• [TASK INSTRUCTIONS] Your answer must be the lines from the one holding "Black History Month,Black" through the final line of the entries below, copied exactly, with no pictures.

|---|

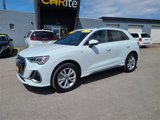 Used 2022 Audi Q3 2.0T Premium Plus w/ Premium Plus Package image 2
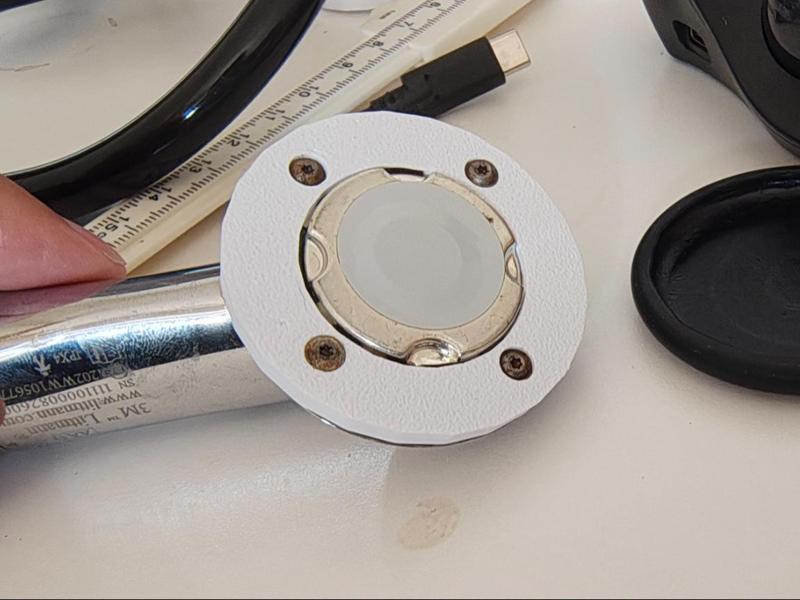 Parts for Littmann Model 3200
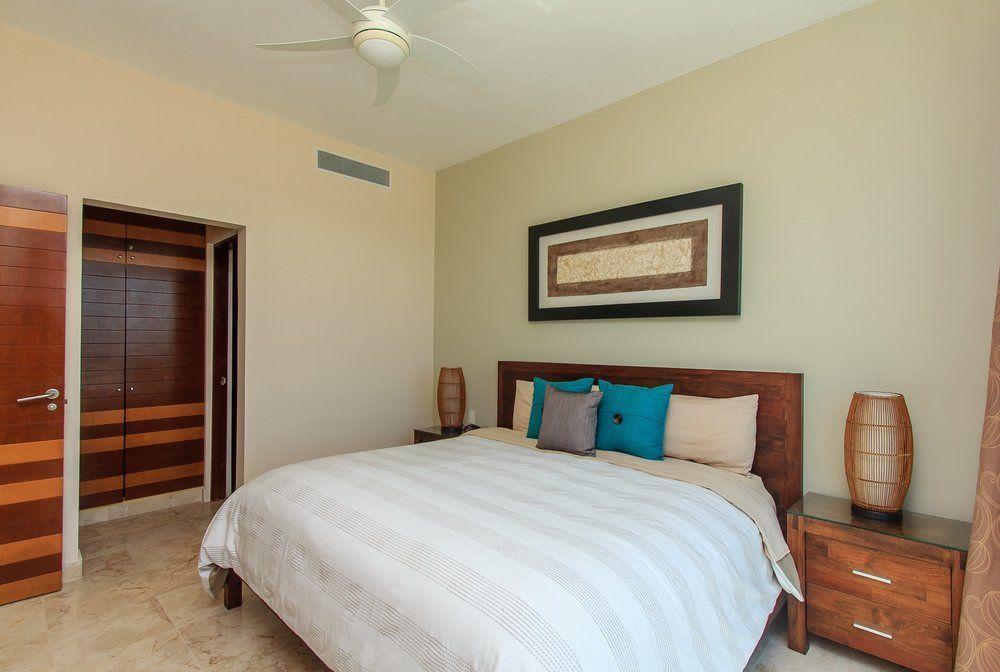 Casa Del Mar Hotell Playa del Carmen Eksteriør bilde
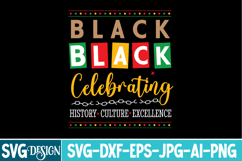 Black History Month,Black History Month Svg,Juneteenth SVG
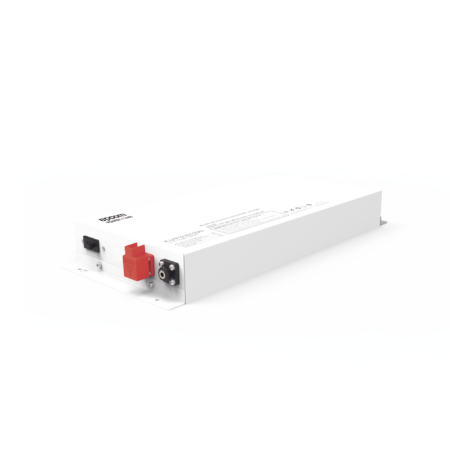 BATERIA DE LITIO CICLO PROFUNDO EPCOM RLFP128100A 12.8 VCC/100AH/LIFEPO4 CASE METALICO/SOLAR/MAXIMO 80 A DE DESCARGA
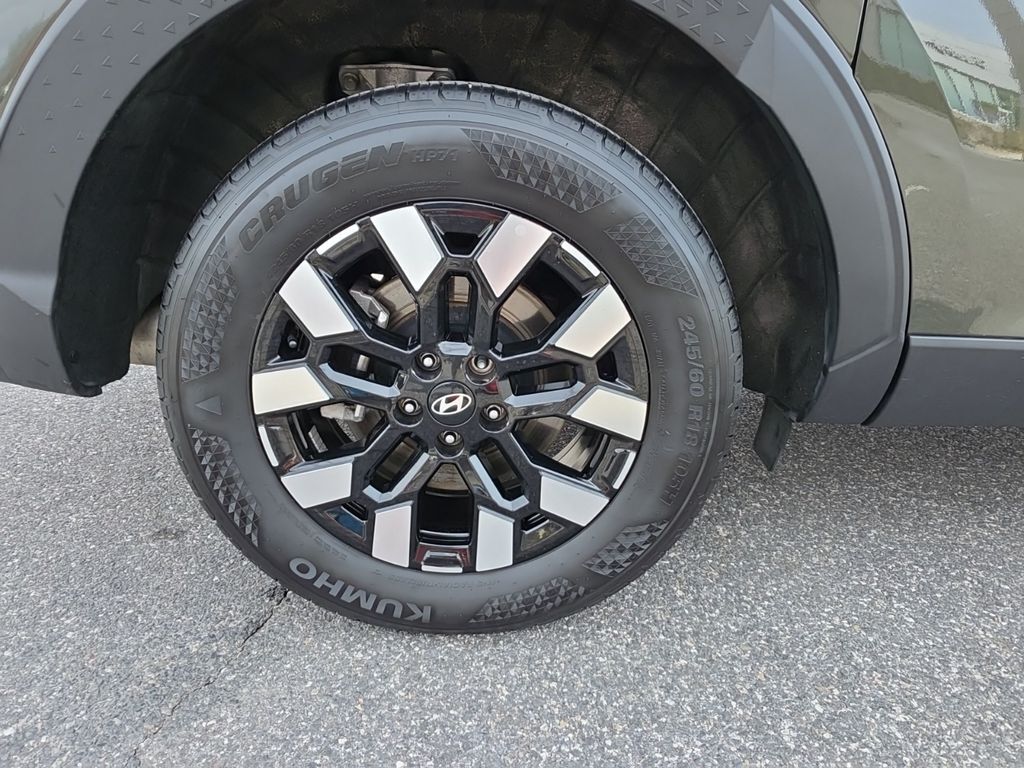 2025 Hyundai Santa Cruz SEL Hunt Valley MD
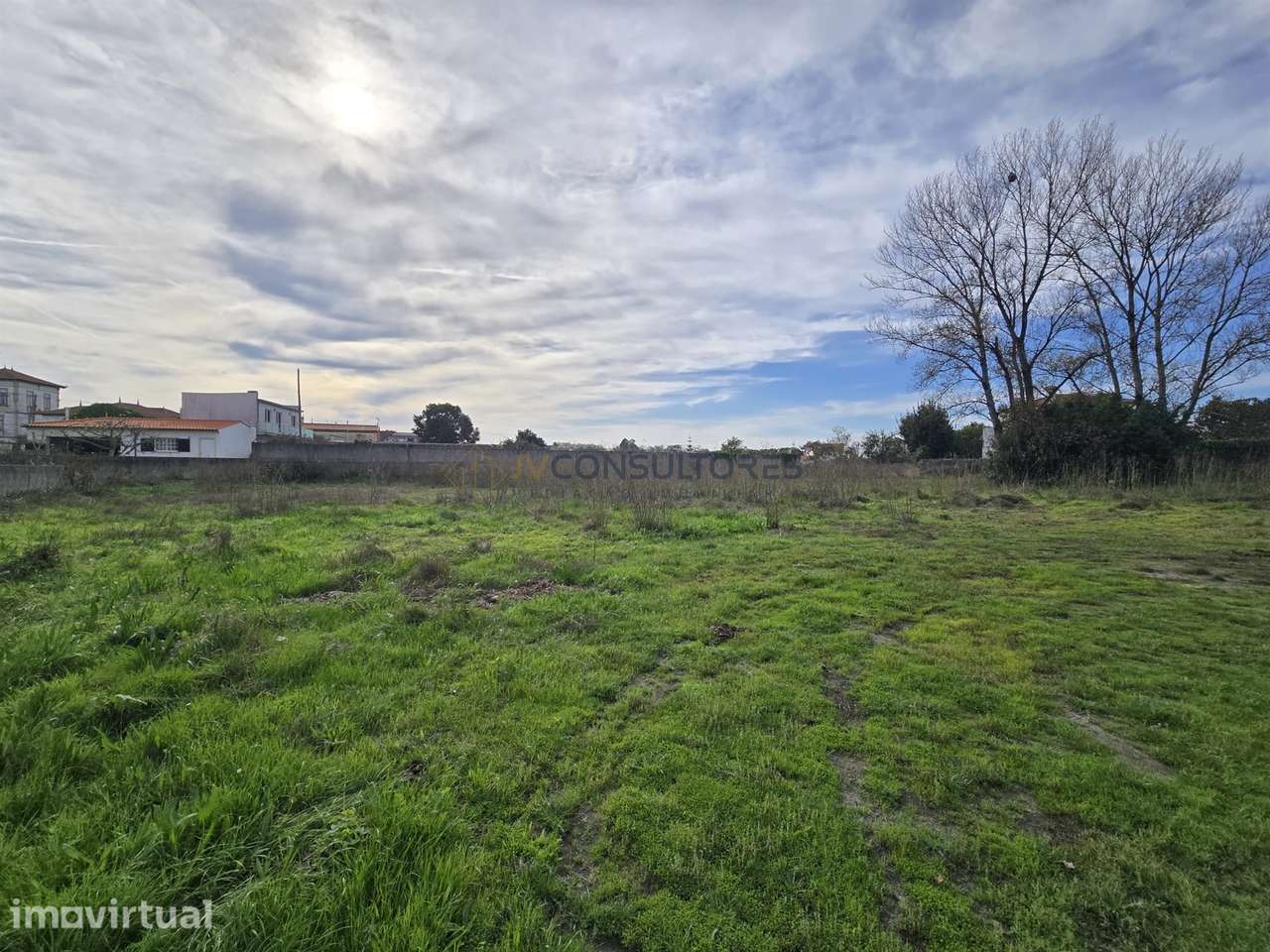 Terreno em Estarreja - Grande imagem: 3/15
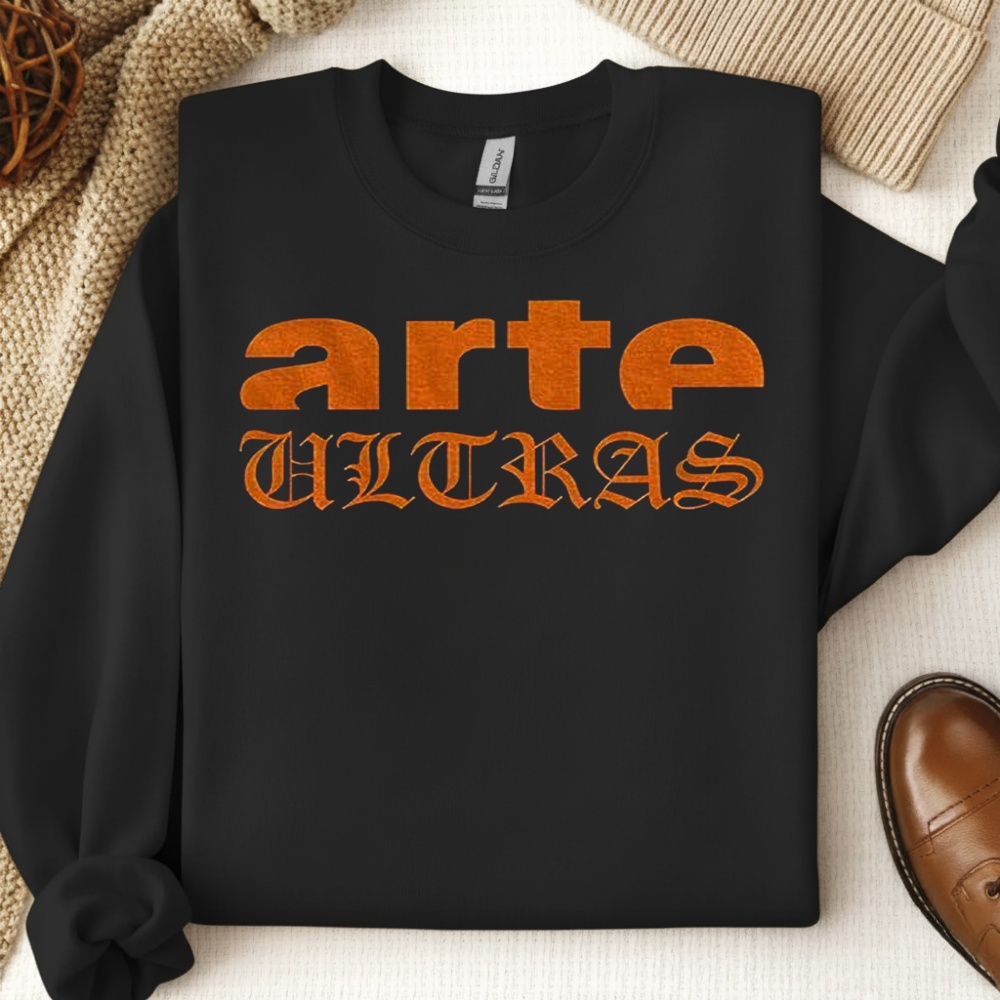 Arte Ultras Shirt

|---|

• [WRITTEN RESPONSE]
 Black History Month,Black History Month Svg,Juneteenth SVG
 BATERIA DE LITIO CICLO PROFUNDO EPCOM RLFP128100A 12.8 VCC/100AH/LIFEPO4 CASE METALICO/SOLAR/MAXIMO 80 A DE DESCARGA
 2025 Hyundai Santa Cruz SEL Hunt Valley MD
 Terreno em Estarreja - Grande imagem: 3/15
 Arte Ultras Shirt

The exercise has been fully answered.